I use the method "Annotation.getBox" from PDF Clown library to get position of highlights in text. On this way also position of bolt or italic text is retrieved. How can this be avoided? I want to get only Retancle2D from real highlights.
-
Please share some pivotal code to allow us to understand what you do. And please link to a sample PDF with which we can reproduce the issue. – mkl Aug 05 '16 at 13:13
-
PageAnnotations annotations = page.getAnnotations(); for (Annotation annotation : annotations) { highlightArea = annotation.getBox();} ...I get the annotations of page at pdf and take there position, but i get sometime also position of bold or italic text. Sorry, i can't link sample pdf because it's confidential file. – godani Aug 05 '16 at 16:27
-
Then try and find a different, non-confidential file that allows to reproduce the issue. If you cannot find any, chances are the problem is in your pdf itself. – mkl Aug 05 '16 at 19:57
1 Answers
Unfortunately the OP failed to share an example PDF. He also merely provided a very small code fragment. Thus, the following can only speculate...
The code fragment provided by the OP in a comment looks like this:
PageAnnotations annotations = page.getAnnotations();
for (Annotation annotation : annotations)
{
highlightArea = annotation.getBox();
}
Thus, he sets the variable highlightArea
to the Box
value of the final element of the annotations of a given page.

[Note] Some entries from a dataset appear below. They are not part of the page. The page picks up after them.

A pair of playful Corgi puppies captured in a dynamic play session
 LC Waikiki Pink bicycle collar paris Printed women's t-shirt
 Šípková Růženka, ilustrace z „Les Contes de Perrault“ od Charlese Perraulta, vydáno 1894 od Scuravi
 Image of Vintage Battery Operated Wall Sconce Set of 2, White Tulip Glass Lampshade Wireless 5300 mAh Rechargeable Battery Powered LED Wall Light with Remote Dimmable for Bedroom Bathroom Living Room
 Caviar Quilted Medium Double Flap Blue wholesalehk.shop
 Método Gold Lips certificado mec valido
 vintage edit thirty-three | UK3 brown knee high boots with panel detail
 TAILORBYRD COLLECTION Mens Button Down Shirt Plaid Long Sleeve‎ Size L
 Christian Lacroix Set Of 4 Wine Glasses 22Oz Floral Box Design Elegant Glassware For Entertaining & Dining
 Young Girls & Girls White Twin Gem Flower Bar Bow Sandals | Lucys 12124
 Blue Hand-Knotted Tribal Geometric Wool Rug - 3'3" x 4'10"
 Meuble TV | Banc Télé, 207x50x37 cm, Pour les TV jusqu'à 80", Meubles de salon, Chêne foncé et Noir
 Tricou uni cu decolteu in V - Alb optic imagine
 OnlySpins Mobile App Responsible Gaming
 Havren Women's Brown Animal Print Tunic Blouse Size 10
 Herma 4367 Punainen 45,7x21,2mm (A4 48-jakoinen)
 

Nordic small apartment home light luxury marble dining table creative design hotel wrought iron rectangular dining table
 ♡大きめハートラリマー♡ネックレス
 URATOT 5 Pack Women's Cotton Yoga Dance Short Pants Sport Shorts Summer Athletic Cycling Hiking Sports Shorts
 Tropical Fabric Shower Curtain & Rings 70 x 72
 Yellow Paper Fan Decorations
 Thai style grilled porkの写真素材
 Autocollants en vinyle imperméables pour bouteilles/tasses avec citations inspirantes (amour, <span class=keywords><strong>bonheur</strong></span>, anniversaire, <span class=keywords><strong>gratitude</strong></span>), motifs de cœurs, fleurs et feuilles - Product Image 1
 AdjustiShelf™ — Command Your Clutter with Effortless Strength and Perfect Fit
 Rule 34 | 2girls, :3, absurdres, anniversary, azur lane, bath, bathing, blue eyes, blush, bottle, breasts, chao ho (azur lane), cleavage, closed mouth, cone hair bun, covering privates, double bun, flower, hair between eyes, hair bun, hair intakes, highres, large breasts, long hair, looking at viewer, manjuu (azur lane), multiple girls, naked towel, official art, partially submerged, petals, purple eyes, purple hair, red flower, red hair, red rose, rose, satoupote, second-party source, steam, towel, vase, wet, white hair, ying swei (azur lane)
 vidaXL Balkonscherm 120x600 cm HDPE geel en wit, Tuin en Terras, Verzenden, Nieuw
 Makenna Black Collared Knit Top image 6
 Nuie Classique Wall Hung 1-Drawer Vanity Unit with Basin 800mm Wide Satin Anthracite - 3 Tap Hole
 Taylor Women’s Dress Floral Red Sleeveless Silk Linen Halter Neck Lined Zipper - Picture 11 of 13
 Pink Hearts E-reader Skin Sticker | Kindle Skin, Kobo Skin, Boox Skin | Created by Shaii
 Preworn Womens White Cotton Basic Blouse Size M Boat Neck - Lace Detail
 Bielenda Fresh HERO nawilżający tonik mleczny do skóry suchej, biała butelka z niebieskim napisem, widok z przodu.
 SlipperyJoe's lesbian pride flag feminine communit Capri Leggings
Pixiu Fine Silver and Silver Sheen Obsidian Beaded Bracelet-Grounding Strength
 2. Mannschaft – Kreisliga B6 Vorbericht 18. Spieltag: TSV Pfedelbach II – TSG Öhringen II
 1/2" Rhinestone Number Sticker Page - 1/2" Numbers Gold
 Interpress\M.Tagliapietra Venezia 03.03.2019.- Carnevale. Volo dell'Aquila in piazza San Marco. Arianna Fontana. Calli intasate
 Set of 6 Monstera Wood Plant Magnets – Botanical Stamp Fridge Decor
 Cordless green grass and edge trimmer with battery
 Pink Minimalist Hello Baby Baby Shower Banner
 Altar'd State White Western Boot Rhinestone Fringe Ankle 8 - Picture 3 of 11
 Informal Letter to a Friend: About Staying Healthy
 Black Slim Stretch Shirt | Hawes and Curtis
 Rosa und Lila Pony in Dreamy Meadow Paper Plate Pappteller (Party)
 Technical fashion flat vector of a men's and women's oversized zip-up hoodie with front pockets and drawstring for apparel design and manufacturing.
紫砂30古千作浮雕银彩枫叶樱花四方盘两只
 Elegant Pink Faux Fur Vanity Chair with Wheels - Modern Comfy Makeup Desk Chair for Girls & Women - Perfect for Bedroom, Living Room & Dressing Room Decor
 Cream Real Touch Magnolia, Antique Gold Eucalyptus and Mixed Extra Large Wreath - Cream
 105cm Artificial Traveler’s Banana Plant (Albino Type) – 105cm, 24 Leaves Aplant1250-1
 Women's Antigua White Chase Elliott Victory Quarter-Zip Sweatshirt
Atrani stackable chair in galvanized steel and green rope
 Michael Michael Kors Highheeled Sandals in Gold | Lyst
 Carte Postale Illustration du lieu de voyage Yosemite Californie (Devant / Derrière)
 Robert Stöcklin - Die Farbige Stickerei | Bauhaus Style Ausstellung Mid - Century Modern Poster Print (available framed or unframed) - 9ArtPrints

Probable reasons why highlightArea
may contain other content (sometimes some bold or italic text in the OP's case) than highlighted text:
- That final annotation probably isn't a highlight annotation altogether but of some other type.
- Assuming that final annotation is a highlight annotation, not all the content of its box are displayed as highlighted but merely the quadrilaterals in the QuadPoints annotation dictionary entry or some custom areas defined by the appearance stream of the annotation.
For the latter case confer section 12.5.6.10 "Text Markup Annotations" in the PDF specification:
QuadPoints array (Required) An array of 8 × n numbers specifying the coordinates of n quadrilaterals in default user space. Each quadrilateral shall encompasses a word or group of contiguous words in the text underlying the annotation. The coordinates for each quadrilateral shall be given in the order
x1 y1 x2 y2 x3 y3 x4 y4
specifying the quadrilateral’s four vertices in counterclockwise order (see Figure 64). The text shall be oriented with respect to the edge connecting points (x1, y1) and (x2, y2).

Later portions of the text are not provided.